In the past few weeks Williams has conducted half a dozen information sessions in various county departments to educate employees on the initiatives, which if approved would roll back state taxes to their 1986 levels and provide tax credits to parents who send their children to private schools.
But the major impact to the county budget would come from an initiative that would cap property tax rates at 1 percent of fair-market value for commercial and other property and at 0.75 percent for residential property.
The Utah Tax Commission estimates voter approval of that initiative would cut $39 million, or 40 percent, from the county's $99 million in property tax collections. And Williams wants county employees to clearly understand that before they decide how to vote.
Williams, county commissioners and department heads are still calculating the projected impact such a cut would have on each county program and service. County officials have refused to guess how deep the potential budget cuts would go and say they won't comment until projections are final.
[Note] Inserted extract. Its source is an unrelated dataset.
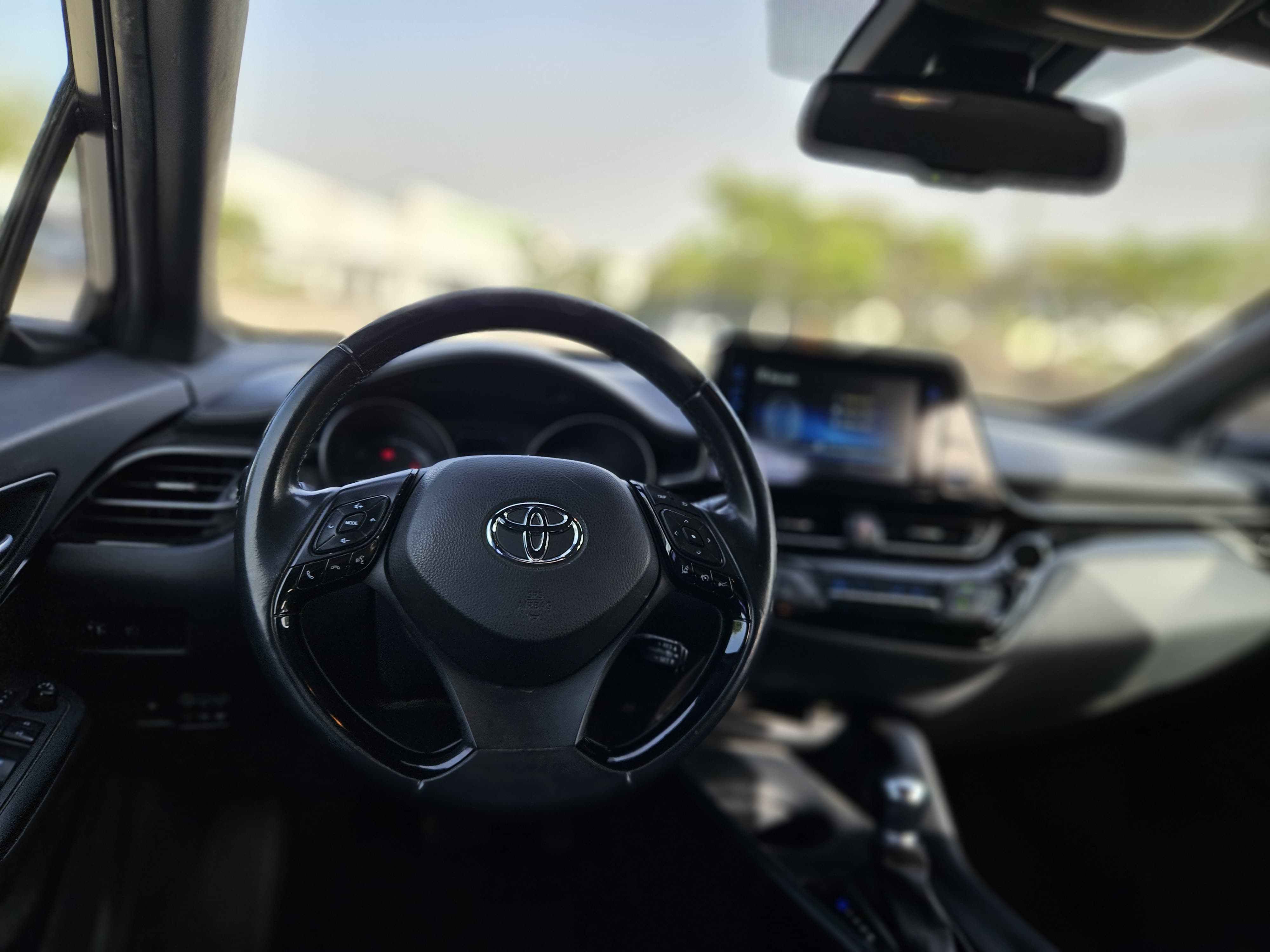 TOYOTA C-HR HYBRID CITY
Officials want solid figures to back them up before they make public comments on the budget projections - an effort to avoid the accusations of "scare tactics" that tax limitations proponents have hurled at other government entities.
But what's already clear is the cuts would be much greater than the 6 percent figure tax-limitation proponents are using, and programs and services funded by property tax revenues would be hit hardest.
A 6 percent cut to the county's $270 million budget would be about $16 million.
The effect of the tax cap would cut annual property taxes on a $100,000 home by more than 50 percent - from $1,250 to about $600 - because state law already exempts the first 20 percent of a home's value from any property tax, Williams said.
"Everyone wants lower taxes, including me," he said. "But the other side of the issue is do people want lower taxes if it means government service levels must be cut back."
Williams feels it's inappropriate for governments to campaign against the initiatives. But he feels educating county employees - and encouraging them to educate relatives, friends and neighbors - is part of his job.
"Education is the best tool there is," he said. "If the initiatives pass, government will have to live with them and do the best it can. But it would be horrible for them to pass if voters believe the result will be only a 4 percent or 6 percent budget cut."
But Williams has cautioned county employees who have approached him asking what they can do to educate others to be very careful when explaining the initiatives.
"We have to be careful to avoid hyperbole and exaggeration," Williams said. "We have a responsibility to be accurate as we can. If we're not, we won't have any credibility."